### SUPPLIED INFORMATION
▬▬▬▬▬▬▬▬▬▬
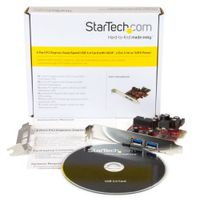 Miniatura 6 de 4PORT PCIE USB 3.0 ADAPTER CARD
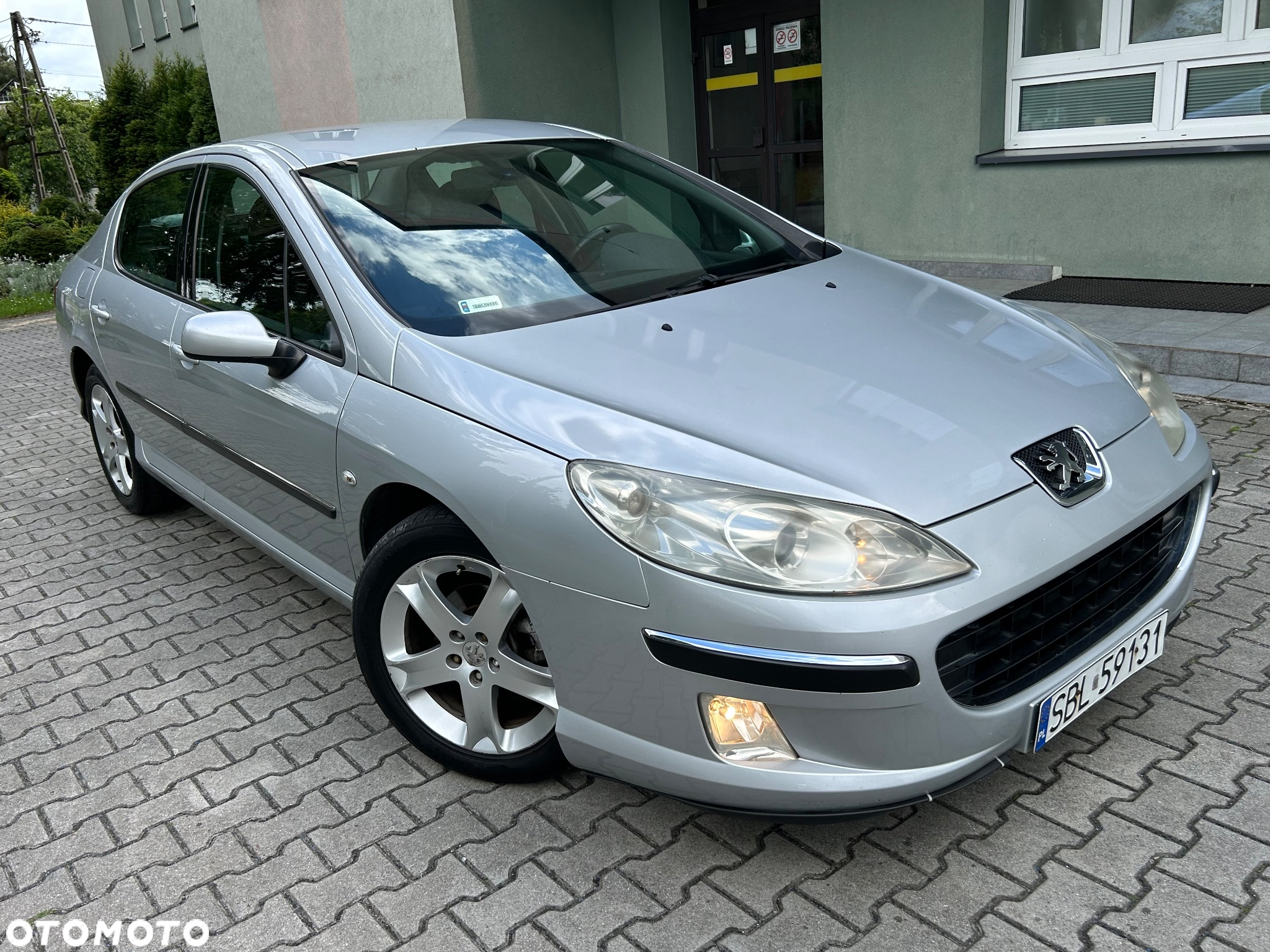 Peugeot 407 2.0 HDI Intense - 12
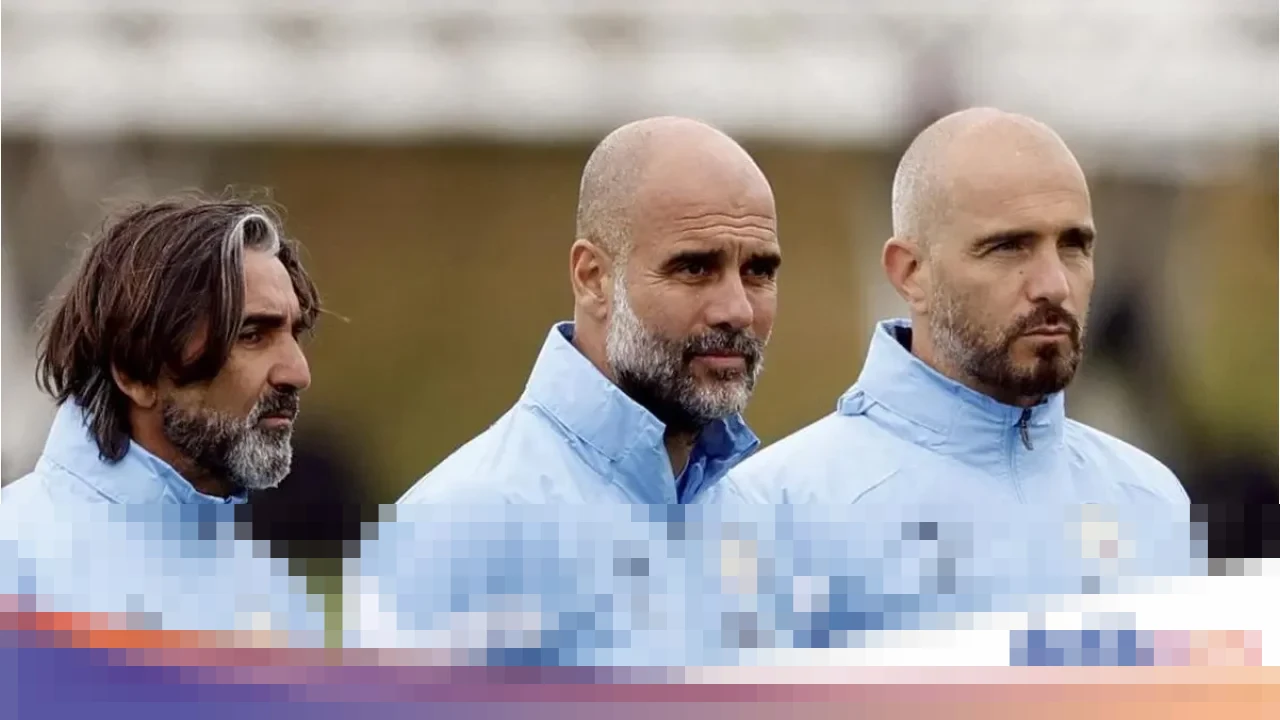 Guardiola: “Saya Punya Kontrak”, Tepis Rumor Penggantian oleh Enzo Maresca di City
▬▬▬▬▬▬▬▬▬▬
### DIRECTIONS FOR THIS TASK
Return the material verbatim; the images are not to appear in the copy.

### FINAL ANSWER
 Miniatura 6 de 4PORT PCIE USB 3.0 ADAPTER CARD
 Peugeot 407 2.0 HDI Intense - 12
 Guardiola: “Saya Punya Kontrak”, Tepis Rumor Penggantian oleh Enzo Maresca di City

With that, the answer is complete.